Genesee Mountain Park Training Annex (1955–70) was a U.S. Air Force radar station, an outstation of Lowry Air Force Base. It is a Formerly Used Defense Site (# B08CO0493)[1] of 3 acres (1.2 ha)[2] at Genesee Park (Colorado)[3]
Early in the Cold War, Lowry AFB supported Strategic Air Command nuclear bomber training (e.g., B-47, B-52, etc.) with automatic tracking radar (autotrack) and by January 1962, the "Tactical Missile School at Lowry" conducted Matador missile training "in the Black Hangar"[4] (the surface-to-surface missile used Matador Automatic Radar Control for autotrack.) Automatic tracking radar was also used in Korean War ground-directed bombing training for live bomb drops at ranges like the Lowry Bombing and Gunnery Range (the early 1960s Titan 1 sites near Denver also had tracking radars in a "guidance facility".)[5]

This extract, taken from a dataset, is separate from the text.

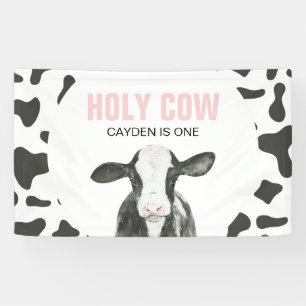 Banderoles Holy Cow I'm One Cow Print Birthday Banner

The Denver Bomb Plot was the call sign of an early Cold War automatic tracking radar station established for training and evaluation by August 25, 1949.[6] The station was operated by Detachment A of the 3903rd Radar Bomb Scoring Squadron, was commanded by Capt John A. Schlupp in 1949,[6] and conducted Radar Bomb Scoring of simulated bomb drops on mock Denver area targets by Strategic Air Command aircrews, including those of the 1955 SAC Bombing and Navigation Competition.[7] In 1959 the detachment moved 4 trailers,[8] after being designated Detachment 1, 11th Radar Bomb Scoring Squadron; to the La Junta Radar Bomb Scoring Site at the former World War II La Junta Army Airfield (122 people on 6 acres in FY1984).[9]